Socialism, like capitalism, constantly changes. Over the past century socialism mostly meant varying kinds and degrees of government intervention in economies ranging from regulating them (Scandinavia) to having the government replace private owners and operators of enterprises (USSR). That socialism had successes but also failures and problems. The resulting self-criticism generated a new kind of socialism that refocuses not on the government versus private debate, but rather toward a radical democratization of workplaces (factories, stores, offices). This new socialism for the 21st century advocates transition to worker coops as the basis of economies instead of the typical capitalist hierarchy where a tiny minority number of “owners” or corporate boards of directors decided — exclusively — what, how and where the workplace produces and what is to be done with its revenues. Then all persons engaged in the workplace will each have one vote with majority rule governing. The basic idea is that to make an economy serve all the people, one needs to put the people in charge of its workplaces and processes.

The Socialism and Human Rights panel will run from 2-3:20 p.m. and include the following presentations:

  • Latin America’s “Left Turns”: Socialism, Democracy, and SocialCitizenship Rights, Kenneth Roberts, Richard J. Schwartz Professor of Government, Cornell University.
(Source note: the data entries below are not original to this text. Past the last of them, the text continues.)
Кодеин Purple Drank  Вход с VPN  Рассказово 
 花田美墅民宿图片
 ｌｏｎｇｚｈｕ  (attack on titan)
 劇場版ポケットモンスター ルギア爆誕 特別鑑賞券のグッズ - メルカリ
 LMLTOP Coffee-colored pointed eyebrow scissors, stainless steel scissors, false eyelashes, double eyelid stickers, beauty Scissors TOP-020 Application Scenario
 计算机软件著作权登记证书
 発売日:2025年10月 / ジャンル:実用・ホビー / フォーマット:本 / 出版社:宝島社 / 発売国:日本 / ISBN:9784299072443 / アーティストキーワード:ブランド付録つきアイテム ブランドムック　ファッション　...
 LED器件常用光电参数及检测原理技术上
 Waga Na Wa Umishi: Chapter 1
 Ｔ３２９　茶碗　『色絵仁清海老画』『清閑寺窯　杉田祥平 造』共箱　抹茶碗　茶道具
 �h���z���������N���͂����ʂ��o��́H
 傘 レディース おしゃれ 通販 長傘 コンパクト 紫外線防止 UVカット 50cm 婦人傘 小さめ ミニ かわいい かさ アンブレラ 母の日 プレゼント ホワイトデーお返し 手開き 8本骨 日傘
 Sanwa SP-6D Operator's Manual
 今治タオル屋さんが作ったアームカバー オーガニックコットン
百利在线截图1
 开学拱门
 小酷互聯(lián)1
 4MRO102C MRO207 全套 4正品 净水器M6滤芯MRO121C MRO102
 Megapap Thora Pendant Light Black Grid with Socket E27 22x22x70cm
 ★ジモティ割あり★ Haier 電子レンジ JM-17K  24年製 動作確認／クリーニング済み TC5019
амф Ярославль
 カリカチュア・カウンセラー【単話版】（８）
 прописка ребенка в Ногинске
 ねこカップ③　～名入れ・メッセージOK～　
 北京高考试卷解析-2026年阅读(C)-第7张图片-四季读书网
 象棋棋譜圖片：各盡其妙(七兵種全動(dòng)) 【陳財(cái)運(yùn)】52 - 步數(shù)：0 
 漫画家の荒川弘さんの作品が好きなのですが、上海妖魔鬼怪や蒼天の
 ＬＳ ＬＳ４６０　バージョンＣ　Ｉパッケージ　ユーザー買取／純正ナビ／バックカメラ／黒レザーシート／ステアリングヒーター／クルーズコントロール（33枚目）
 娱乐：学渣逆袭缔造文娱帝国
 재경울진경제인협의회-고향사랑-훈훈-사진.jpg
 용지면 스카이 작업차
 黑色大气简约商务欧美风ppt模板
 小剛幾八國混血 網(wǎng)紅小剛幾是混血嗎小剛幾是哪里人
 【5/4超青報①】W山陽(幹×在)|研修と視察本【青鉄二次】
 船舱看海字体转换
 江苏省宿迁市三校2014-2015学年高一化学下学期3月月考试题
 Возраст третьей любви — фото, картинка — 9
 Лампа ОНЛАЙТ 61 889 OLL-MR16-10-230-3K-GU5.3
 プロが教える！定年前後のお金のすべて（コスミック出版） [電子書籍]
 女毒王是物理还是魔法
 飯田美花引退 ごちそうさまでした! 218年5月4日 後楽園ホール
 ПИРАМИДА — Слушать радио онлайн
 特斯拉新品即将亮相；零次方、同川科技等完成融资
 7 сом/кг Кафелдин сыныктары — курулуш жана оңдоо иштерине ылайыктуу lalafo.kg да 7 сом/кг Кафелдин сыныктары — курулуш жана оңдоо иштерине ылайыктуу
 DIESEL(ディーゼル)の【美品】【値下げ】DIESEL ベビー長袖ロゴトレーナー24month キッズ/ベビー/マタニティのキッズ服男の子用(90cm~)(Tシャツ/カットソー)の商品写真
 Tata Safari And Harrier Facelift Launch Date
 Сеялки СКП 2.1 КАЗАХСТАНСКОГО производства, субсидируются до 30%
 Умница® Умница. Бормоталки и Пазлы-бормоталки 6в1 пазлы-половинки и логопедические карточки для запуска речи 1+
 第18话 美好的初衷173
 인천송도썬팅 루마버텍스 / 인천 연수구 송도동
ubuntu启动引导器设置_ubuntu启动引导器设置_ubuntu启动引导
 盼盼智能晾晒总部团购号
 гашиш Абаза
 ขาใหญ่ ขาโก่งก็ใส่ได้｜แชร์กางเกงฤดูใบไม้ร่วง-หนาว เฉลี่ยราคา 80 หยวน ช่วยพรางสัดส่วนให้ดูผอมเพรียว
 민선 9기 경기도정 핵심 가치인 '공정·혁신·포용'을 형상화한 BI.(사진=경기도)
The early decades of the 21st century have seen 14 of Latin America’s 18 democracies elect a left-of-center president, many of them from parties or movements with roots in the region’s socialist tradition. This so-called “left turn” is a product of widespread social and political mobilization against the economic inequalities associated with Latin America’s free market, or “neoliberal” economic restructuring in the 1980s and 1990s. Although it has proven to be exceedingly difficult to translate this mobilization into well-defined socialist alternatives to neoliberalism, Latin America’s leftist governments have experimented with a wide range of social reforms intended to recognize or expand social citizenship rights, going well beyond the market-based programs of the neoliberal era. These experiments shed new light on the processes by which democratic citizenship rights can be extended to new spheres of social and economic relationships in highly unequal societies with large informal economies and dualistic labor markets.   

  • Rethinking Economics for Social Justice: The Radical Potential of Human Rights, James Heintz, Andrew Glyn Professor of Economics, University of Massachusetts Amherst.

The desire for an economic system that advances social justice motivates demands for a transition to socialism. Yet the ethical foundations of a call for socialism are often not well developed or explored. There is frequently an assumption that all proponents of socialism share a common understanding of what is meant by social justice. Yet this assumption is questionable. The human rights approach represents a normative framework for evaluating economic outcomes and institutions that incorporates an explicit definition of social justice. However, the human rights framework is frequently dismissed as being too individualistic and reformist. This mistrust of human rights represents a misunderstanding of the radical potential of this approach. In this presentation, Heintz will explore the relationship between human rights, with an emphasis on economic and social rights, and the relationship to concepts of socialism.

Symposium sponsors include the Alison Des Forges Memorial Committee; UB departments of Comparative Literature, History, Political Science and Africana and African-American Studies; UB Gender Institute; UB Humanities Institute; James Agee Chair in American Culture, UB Department of English; UB Office of the Vice Provost for International Education, The Baldy Center for Law and Social Policy, UB School of Law; and Jack Walsh in honor of Connie Walsh.